Princess Viola · Jul 22, 2024

I'm personally not bothered by digital piracy of books if someone has no other way to access it (maybe they're a kid and they can't afford it/their parents won't buy it for them, it hasn't been published in their locale for one reason or another, none of their local libraries have a copy, hell I'd even go so far and say if you've already bought it physically and want to pirate it so you can have an Ebook version is OK in my book - you've already bought a copy) but doing it when you can purchase the book and/or it is easily available to you, I'm not a big fan of.

Low book sales can affect an author both financially and in terms of getting future book deals.

It's one thing if we're talking about something written by a famous author that's guaranteed to sell tons of copies, who really cares if you pirate that, y'know?
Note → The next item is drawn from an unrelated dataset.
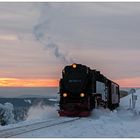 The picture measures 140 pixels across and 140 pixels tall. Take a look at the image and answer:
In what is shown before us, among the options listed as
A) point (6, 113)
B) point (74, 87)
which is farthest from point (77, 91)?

Stephen King, for example, is not going to be at risk of losing his publishing deal due to piracy, but an author who's still trying to make a name for themselves (or just needs to make money) that's a bit different.

Jumpinbare · Jul 22, 2024

Princess Viola said:
Low book sales can affect an author both financially and in terms of getting future book deals.

Or they may quit writing and go into something with more steady income.

Cryptid · Jul 22, 2024

Waitaminnit . . . "Not give permission for AI to be trained on their work"?

The permission is both inherent and implied in the publication of their work.

Otherwise, real intelligence would need written permission from the authors to learn from their textbooks.

Don't want AI to learn from your work? Don't publish. Simple as that.

Boogs · Jul 23, 2024

All the Large Language Model AI's, the one's popular among most ordinary internet users, are totally reliant on the largest mega copyright theft that's ever been (knowingly) achieved. They won't work without masses of data, and much of that is copyright. The big problem is that the nature of a neural network is that once it's been trained on the data, that data is stored internally in a form that can't be pulled out in the same state as when it went in. This makes proving copyright theft in the courts immensely difficult. The big tech companies know this, hence they act with impunity. Just being allowed to do that is potentially very toxic regards future anti-social behaviour.

Worse, the products of these AI's are tending to be shown to be very samey, they tend to average out all their input. If human creatives are squeezed out of the profession, we'll see our culture gradually turning into a averaged mush with no originality or worth.

To say the solution is simply not to publish is only looking at it in hindsight of knowing AI's will exist and this will be what they consume to do so. No-one who published pre AI could have known that would happen.
In the future it would only discourage others from publishing original works for the benefit of other humans, which also suppresses the who area of creativity. People create to let others enjoy it, sometimes they make a living from that, sometimes they do it for the love of it. I'd hate to see that crushed by giant tech firms looking to make ever more obscene profits out of the rest of us because they have the power to do so.

By the way, it may be worthy of note that firms like Microsoft and Google have seen a 50% rise in their carbon pollution levels from introducing AI already. And these babies already used a LOT of power. So much for green credentials when it comes to profiteering.

Joshua the Writer · Jul 23, 2024

Cryptid said:
Waitaminnit . . . "Not give permission for AI to be trained on their work"?

The permission is both inherent and implied in the publication of their work.

Otherwise, real intelligence would need written permission from the authors to learn from their textbooks.

Don't want AI to learn from your work? Don't publish. Simple as that.

No. Permission to be uploaded is not inherent in the publication of their work. As they're being published in order to be read by humans, not by machines.

"Don't want AI go learn from your work? Don't publish," is the equivalent of telling somebody they shouldn't own something if they don't want it to get stolen.

Joshua the Writer · Jul 23, 2024

Boogs said:
All the Large Language Model AI's, the one's popular among most ordinary internet users, are totally reliant on the largest mega copyright theft that's ever been (knowingly) achieved. They won't work without masses of data, and much of that is copyright. The big problem is that the nature of a neural network is that once it's been trained on the data, that data is stored internally in a form that can't be pulled out in the same state as when it went in. This makes proving copyright theft in the courts immensely difficult. The big tech companies know this, hence they act with impunity. Just being allowed to do that is potentially very toxic regards future anti-social behaviour.

Worse, the products of these AI's are tending to be shown to be very samey, they tend to average out all their input. If human creatives are squeezed out of the profession, we'll see our culture gradually turning into a averaged mush with no originality or worth.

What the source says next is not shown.